#40 Pairs

Things said

things done

things bled

things won

Sad things

sad songs

bled out

all wrongs

Lost hearts

lost lives

false starts

long drives

Two hands

deep night

two hands

clutched tight

No words

just eyes








#39 windmill

Suspended on a wooden floor in the upper chamber of a sailless windmill, wind swaddled the tower in a sinewy vortex. 

We’re on the first high point inland from Praia Guincho, one of Europe’s wildest surf beaches. The wind is awe inspiring. 

Our walls are at least two feet thick, the tower shaped like a squat pepper grinder. No sense of danger. Outside, though, the palms and pines are strafed and raked, their fronds and needles shriek. 


#38 Bubbles

A car drives into another car

Puncturing bubbles of insularity.

Like an escaped gas,

The injured party

Rushes out with a knife-

 he was on edge, 

 had so many pressures building within,

 he was rushing, barely seeing,

 had no time-

He strides to the offending vehicle,

Throws open the door,

Hears no apologies

Fails to register a frightened face,

With the knife, opens

The delicate membranes 

Of an old man.

From within passing cars, 

Calls for help are activated. 

Sirens begin, another helicopter

Loosed into the sky


#36 Run-off or dive in?

Stood on the warm stonework of the quay at Claverton Weir, I registered the familiar anxiety that preludes diving into a UK river/lake, or the sea: is it safe?

(photo courtesy of kittylongfield.com)

It was a halcyon day. The sun throbbed, cows browsed the opposite meadow, another train would soon chunter past. I had already sidled along the plant-strewn weir and was now poised to plunge deep into the water. I was not alone, as well as my partner and our children, the quay was packed with excitable youths replete with scant swim-wear and sunglasses. I reached for my son’s hand, he joined his with my daughter, then my partner, her son and his friend. We leapt off…

The surface of the Avon erupted in multiple explosions, screams, limbs and laughter. It was utterly euphoric. For several hours, we dived and swam, immersing ourselves, our permeable skin and vulnerable mucous membranes in the dark river. Five out of six of us spent the next few days either vomiting or stricken with diarrhoea.

The Environment Agency provides a useful online map of local water quality. Looking at the closest sample site (the confluence of Wellow Brook and the River Avon), the data suggests that the water quality here was grade A between 1993 and 2009.

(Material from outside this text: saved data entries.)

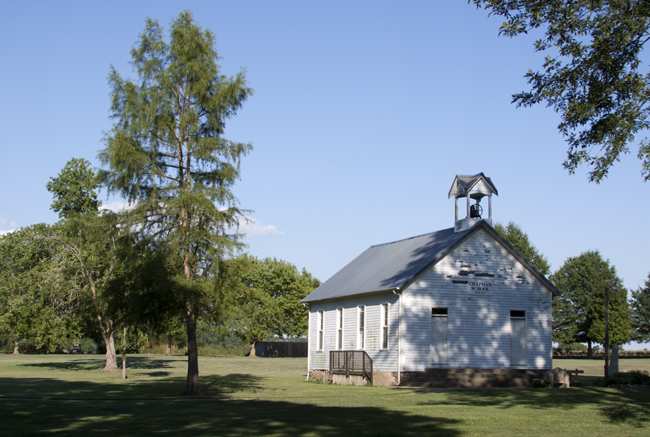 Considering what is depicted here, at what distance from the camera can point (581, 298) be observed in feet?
262

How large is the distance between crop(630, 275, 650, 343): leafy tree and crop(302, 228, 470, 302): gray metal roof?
72.0 meters

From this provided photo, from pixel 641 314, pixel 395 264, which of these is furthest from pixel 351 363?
pixel 641 314

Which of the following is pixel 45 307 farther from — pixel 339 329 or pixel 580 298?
pixel 580 298

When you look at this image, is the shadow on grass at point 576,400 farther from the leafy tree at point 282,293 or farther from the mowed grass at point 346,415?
the leafy tree at point 282,293

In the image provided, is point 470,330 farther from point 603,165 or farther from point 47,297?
point 47,297

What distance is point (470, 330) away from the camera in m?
27.1

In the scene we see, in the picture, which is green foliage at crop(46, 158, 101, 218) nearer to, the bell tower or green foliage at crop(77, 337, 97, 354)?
the bell tower

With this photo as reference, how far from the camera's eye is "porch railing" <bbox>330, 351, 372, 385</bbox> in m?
27.6

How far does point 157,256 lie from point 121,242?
1.59 metres

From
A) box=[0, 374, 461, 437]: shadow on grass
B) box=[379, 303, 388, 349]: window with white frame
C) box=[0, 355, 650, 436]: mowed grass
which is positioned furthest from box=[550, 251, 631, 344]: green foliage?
box=[0, 374, 461, 437]: shadow on grass

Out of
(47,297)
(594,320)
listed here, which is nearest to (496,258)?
(47,297)

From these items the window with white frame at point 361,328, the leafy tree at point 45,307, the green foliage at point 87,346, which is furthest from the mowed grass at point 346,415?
the green foliage at point 87,346

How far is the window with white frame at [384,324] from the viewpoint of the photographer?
2730cm

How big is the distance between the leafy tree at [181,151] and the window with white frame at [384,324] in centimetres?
839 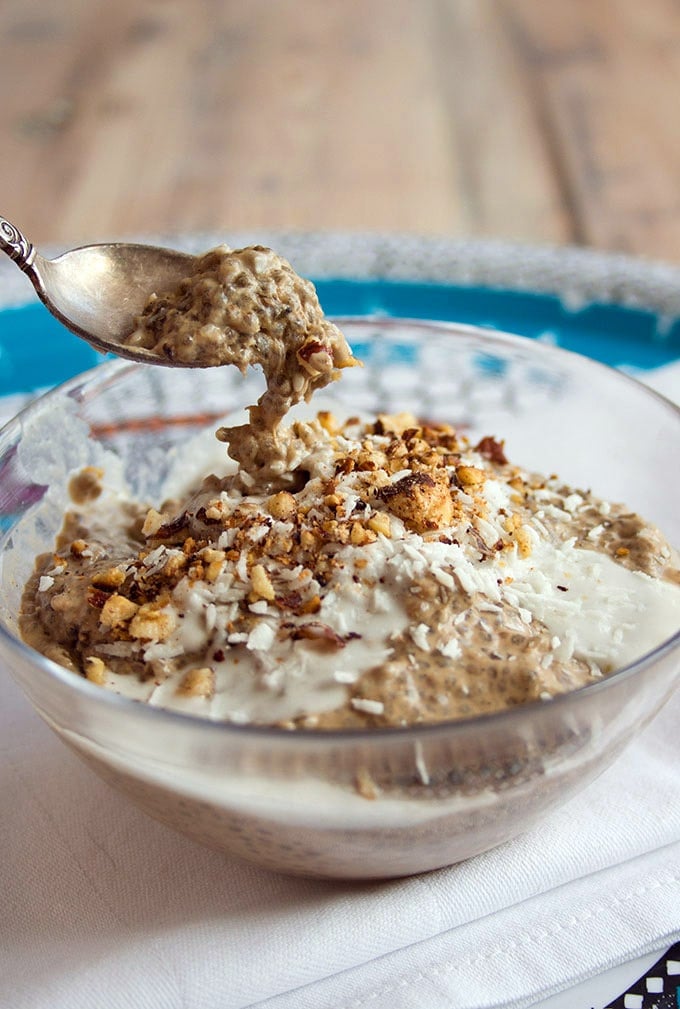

The term Grade A water could be seen as misleading. Saturated with man-made pollutants, it is by no means pure. Levels of nitrates and phosphates in the river are also measured in the E.A. sample, and were rated consistently at level 5 between 2004 and 2009. Level 1 is described as a very low level of pollution, level 6 is the very worst.

The Wild Swimming Quick Guide to Water Quality explains that Grade A and B water is fine to swim in and that high levels of nitrates and phosphates are not dangerous to human health, but surely the effect of these contaminants on the occasional swimming human is only of elementary concern? High levels of these chemicals cause water to become eutrophic- rich in nutrients that support plants, which flourish, then decompose, depleting oxygen levels and killing animal life.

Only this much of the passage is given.